As the most prominent feature of the landscape around Aix, jutting high above the plain to the east of the city, the Mont Sainte-Victoire captivated Cézanne throughout his career. Joseph Rischel observed, "It concerned Cézanne's identity, of course: he felt himself to be this pays d'Aix, that mountain. But it was also a matter of life and death: that is to say, the triumph of life over death, through an art powerful in its engagement with nature and an art dense in matter, rich in chiaroscuro, vibrant in color, passionate in feeling, and which endures in Cézanne's signature motif" (Cezanne in Provence, exh. cat., National Gallery of Art, Washington, D.C., 2006, pp. 289-290).

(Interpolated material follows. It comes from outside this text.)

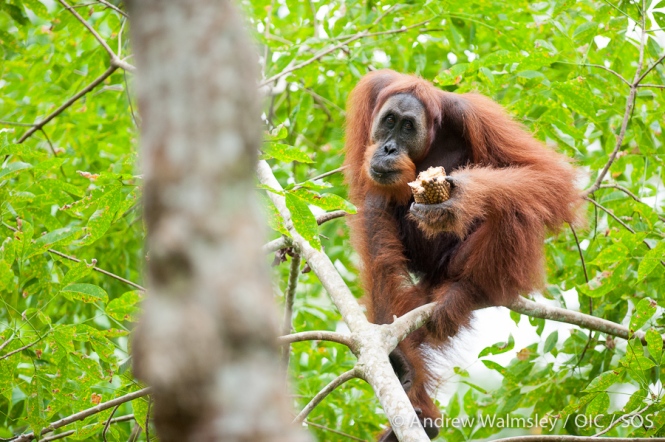 AWalmsley-orangutan rescue blog-002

In the 1880s, Cézanne made around twenty views of the mountain from Bellevue--a hill to the southwest of Aix where his sister owned a farm. Heavily influenced by the classical tradition of Nicholas Poussin, these paintings depict a panoramic view over the verdant valley of the River Arc. Trees function as a repoussoir device, and the mountain itself closes the sweeping vista in the back. John Rewald has written, "the pencil has put into place the essential features, to which the brush has added a few accents of discreet tints here and there, generally leaving areas of white paper to enhance their interplay" (op. cit., p. 142).

A decade later, forsaking the bucolic naturalism of the Bellevue sequence, Cézanne painted a series of romantic and expressive views of Mont Sainte-Victoire from the isolated grounds east of Aix, the area of Bibémus quarry (see lot 146) and the Château Noir. In these paintings, Cézanne has drawn much nearer to the base of the mountain, and the peak seems to surge up in close proximity. Finally, in the paintings from Les Lauves, the artist returned to a distant view of the Aixois landmark.